◆ YOUR TASK ◆
Return every line from the one with "Una serie di" through the one with "Obraz premium Pulsing", inclusive, exactly as it appears below.

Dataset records

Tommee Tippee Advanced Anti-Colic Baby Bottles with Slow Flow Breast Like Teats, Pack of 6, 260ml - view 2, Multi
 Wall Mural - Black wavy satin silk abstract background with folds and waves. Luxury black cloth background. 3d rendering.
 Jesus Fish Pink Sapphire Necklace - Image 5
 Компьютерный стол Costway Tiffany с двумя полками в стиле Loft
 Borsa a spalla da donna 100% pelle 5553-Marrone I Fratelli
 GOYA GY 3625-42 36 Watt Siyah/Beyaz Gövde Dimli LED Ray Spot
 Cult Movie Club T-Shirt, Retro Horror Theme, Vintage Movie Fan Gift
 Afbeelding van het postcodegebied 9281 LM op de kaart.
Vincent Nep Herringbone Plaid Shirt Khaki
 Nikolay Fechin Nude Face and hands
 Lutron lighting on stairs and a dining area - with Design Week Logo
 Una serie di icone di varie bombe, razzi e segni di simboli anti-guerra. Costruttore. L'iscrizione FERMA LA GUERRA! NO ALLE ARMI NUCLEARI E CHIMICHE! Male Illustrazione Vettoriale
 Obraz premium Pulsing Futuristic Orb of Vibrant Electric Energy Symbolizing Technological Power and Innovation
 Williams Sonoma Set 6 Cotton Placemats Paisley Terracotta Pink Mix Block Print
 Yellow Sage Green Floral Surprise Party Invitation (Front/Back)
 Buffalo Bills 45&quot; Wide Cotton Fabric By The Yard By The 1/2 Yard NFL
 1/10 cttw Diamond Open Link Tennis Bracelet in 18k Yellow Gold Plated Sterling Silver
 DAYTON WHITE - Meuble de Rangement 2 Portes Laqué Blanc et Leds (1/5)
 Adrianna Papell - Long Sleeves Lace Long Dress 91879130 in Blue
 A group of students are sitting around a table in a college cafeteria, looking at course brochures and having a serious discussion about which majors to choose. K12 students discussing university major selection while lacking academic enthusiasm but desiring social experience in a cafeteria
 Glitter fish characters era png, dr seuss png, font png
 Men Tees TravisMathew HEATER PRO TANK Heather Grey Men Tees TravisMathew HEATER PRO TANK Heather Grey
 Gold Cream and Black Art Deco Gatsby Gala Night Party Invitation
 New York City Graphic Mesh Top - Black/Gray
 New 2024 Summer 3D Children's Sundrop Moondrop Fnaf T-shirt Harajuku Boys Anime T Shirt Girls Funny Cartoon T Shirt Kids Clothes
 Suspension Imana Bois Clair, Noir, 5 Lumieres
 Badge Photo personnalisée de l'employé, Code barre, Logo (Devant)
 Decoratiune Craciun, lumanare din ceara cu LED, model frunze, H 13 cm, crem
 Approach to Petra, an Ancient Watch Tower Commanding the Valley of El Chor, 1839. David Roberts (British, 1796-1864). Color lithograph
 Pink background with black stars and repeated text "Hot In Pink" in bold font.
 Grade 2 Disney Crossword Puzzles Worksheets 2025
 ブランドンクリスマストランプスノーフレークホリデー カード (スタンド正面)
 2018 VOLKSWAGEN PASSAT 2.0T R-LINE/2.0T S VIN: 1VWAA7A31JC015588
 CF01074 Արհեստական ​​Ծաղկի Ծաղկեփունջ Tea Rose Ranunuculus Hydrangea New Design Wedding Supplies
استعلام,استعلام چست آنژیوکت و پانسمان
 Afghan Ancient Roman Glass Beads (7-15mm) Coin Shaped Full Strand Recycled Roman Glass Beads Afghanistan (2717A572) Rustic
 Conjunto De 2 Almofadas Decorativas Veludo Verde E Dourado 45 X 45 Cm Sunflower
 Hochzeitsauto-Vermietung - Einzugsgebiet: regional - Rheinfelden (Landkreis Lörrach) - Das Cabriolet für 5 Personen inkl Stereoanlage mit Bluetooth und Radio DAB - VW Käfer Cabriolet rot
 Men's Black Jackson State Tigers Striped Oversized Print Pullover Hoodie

◆ ANSWER TO THIS TASK ◆
 Una serie di icone di varie bombe, razzi e segni di simboli anti-guerra. Costruttore. L'iscrizione FERMA LA GUERRA! NO ALLE ARMI NUCLEARI E CHIMICHE! Male Illustrazione Vettoriale
 Obraz premium Pulsing Futuristic Orb of Vibrant Electric Energy Symbolizing Technological Power and Innovation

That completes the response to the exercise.